**What is being asked:** Find the line with "2022년도 녹색제품 구매 우수 공공기관 선정 2022년도" in the entries below, then output every line from it down to the line with "Tommy Bahama Merino", exactly and with no pictures.

**The data:**
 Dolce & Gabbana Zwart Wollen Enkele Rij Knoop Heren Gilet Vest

--

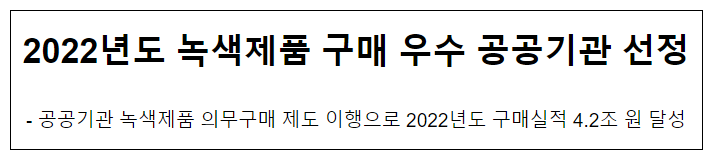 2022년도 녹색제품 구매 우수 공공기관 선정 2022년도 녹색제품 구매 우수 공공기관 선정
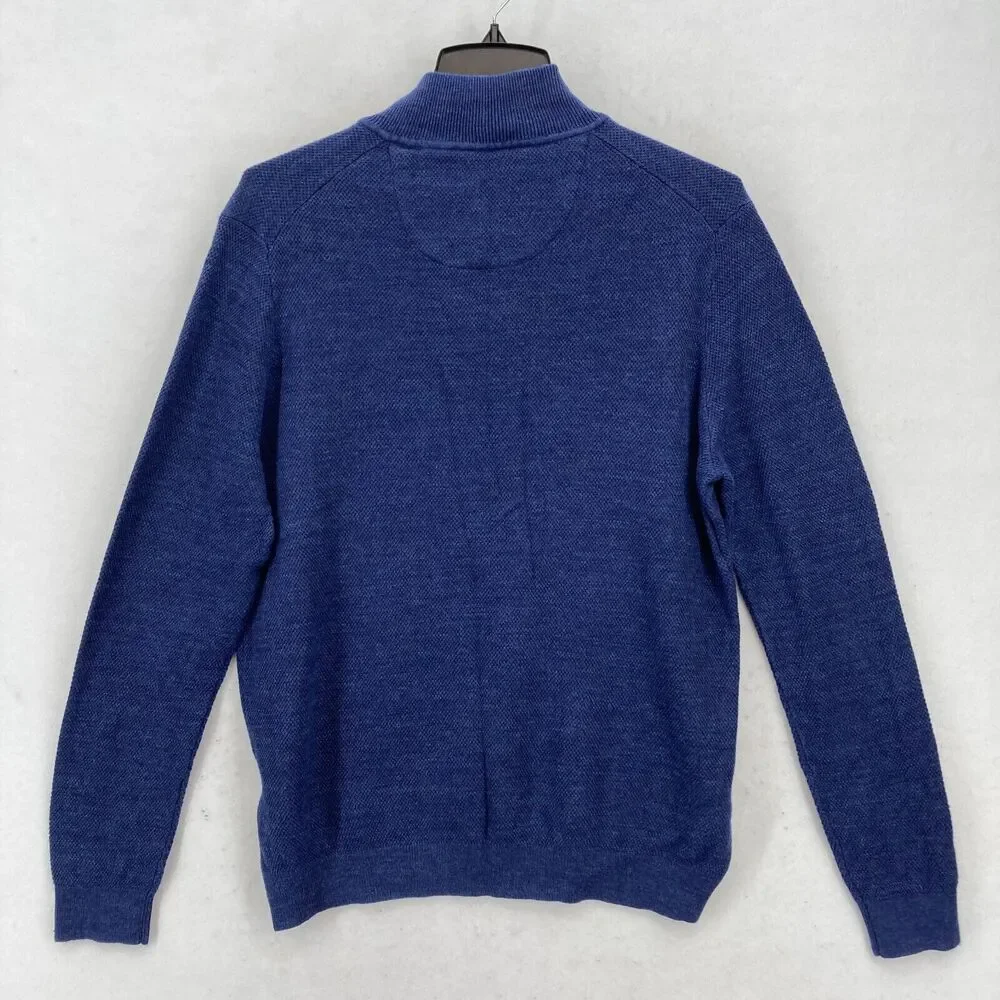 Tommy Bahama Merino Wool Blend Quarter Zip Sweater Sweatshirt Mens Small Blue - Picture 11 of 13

**Result of this task:**
 2022년도 녹색제품 구매 우수 공공기관 선정 2022년도 녹색제품 구매 우수 공공기관 선정
 Tommy Bahama Merino Wool Blend Quarter Zip Sweater Sweatshirt Mens Small Blue - Picture 11 of 13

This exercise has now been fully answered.